Plotting A Strong Recovery Dick Weiss is guiding Strong Capital past the fund scandal--and still looking for bargains.
By David Rynecki; Dick Weiss

(FORTUNE Magazine) – As the longtime manager of the Strong Opportunity (SOPFX) fund, Dick Weiss, 53, has often prospered by betting on companies in distress. A year ago he found himself working for one. Strong Capital Management and company founder Dick Strong were implicated in the mutual fund market-timing scandal (for more, see fortune.com). Assets under management have fallen from $42 billion to $32 billion. And in late May, SCM settled with the SEC and New York and Wisconsin officials by agreeing to pay $80 million in civil penalties. (Strong himself agreed to a lifetime ban from the securities industry and is paying penalties worth $60 million.) Soon after, Wells Fargo announced that it would acquire SCM and run it as a division of Wells's own asset-management business.

When Strong resigned in December 2003, Weiss, whose fund was not involved in market timing, took on the role of chief investment officer at the firm. He's been busy rebuilding morale and beefing up compliance procedures to avoid a repeat of the trading abuses. We asked him to give us a status update and, bearing in mind that his fund has a 15% average annualized return over nearly two decades, tell us where he's finding bargains in the market.

It's been a year since the fund scandal broke. What's the attitude inside the firm?

It was tough initially. But that's over now. The firm is doing remarkably well. We are looking forward to closing the deal with Wells and moving forward. It has been a testament to the culture and vibrancy of Strong that virtually all the key investment people signed on with Wells. We're just going forward now and managing money.

Speaking of managing money, that can't be an easy job right now.

The market reminds me a lot of how it was in 1984 when expectations had run up and the market had to wait for the proof of economic strength. We had an explosive market in 2003, and that carried into the beginning of 2004. In fact, most of the gains probably came in the first six weeks of the year. That isn't really surprising, because the market priced in a very strong recovery. But now we also have a series of uncertainties beginning with Iraq that are weighing on P/E ratios.

Are you still finding bargains?

Absolutely. A good example is Ann Taylor (ANN, $24). Everyone was in love with it not long ago. But retail has ups and downs, and Ann Taylor made some mistakes. The stock is down 35% this year. We started looking at it recently and found some things we liked, such as a new merchandise person from Banana Republic who had a great reputation. We figure by Christmas things will be looking a lot better. The stock sells at 20 times earnings when people love it, and right now it's at 12.
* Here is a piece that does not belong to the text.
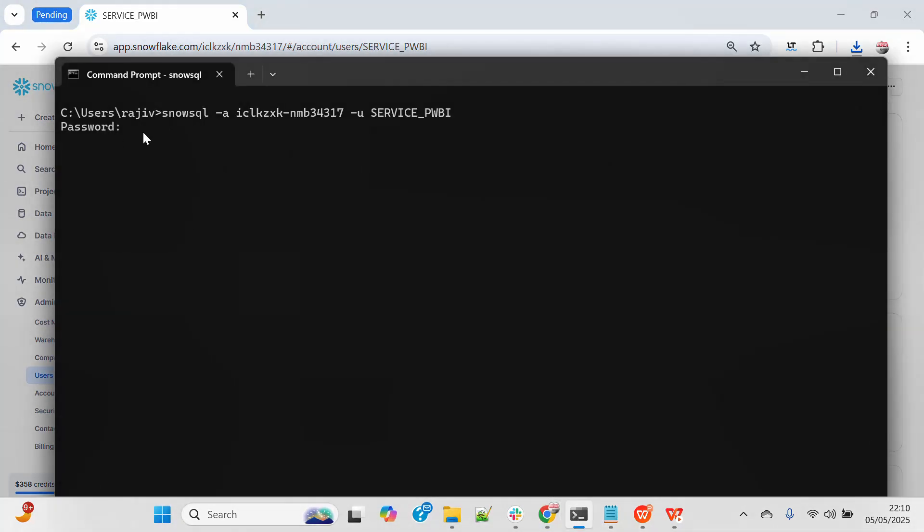It's asking me password and I will put this PAT token. Now if I click enter it will allow me to connect.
Where else are you sniffing around?

Cable TV. People have overestimated the impact of direct broadcasting on the cable companies. We're in this hiatus where DirecTV has a competitive product that has worried cable investors. But the window of opportunity is going to close quickly for two reasons. First is that the cable guys are rolling out TiVo-like products and building 100% digital networks. Second is that a year from now HDTV will have really taken off, and cable is the best way to get HDTV. For investors, that points to a core company like Comcast (CMCSA, $28). As an offshoot of cable, we also think that VOIP is ready for prime time. There's going to be wholesale adoption for VOIP, and that will be exciting for some of the dead and buried telecom companies like Sonus Networks (SONS, $5), which makes the switches essential for that.

You've been bullish about energy stocks. Is it still a good idea to buy in that sector?

There is a subtle shift going on. A year ago we would have liked exploration and production because those companies showed more discipline about pricing. We now favor oil-services players like Noble Energy (NBL, $51) and Weatherford (WFT, $46) that are 20% growers for the foreseeable future and are less likely to go through the boom-bust cycle as in the past.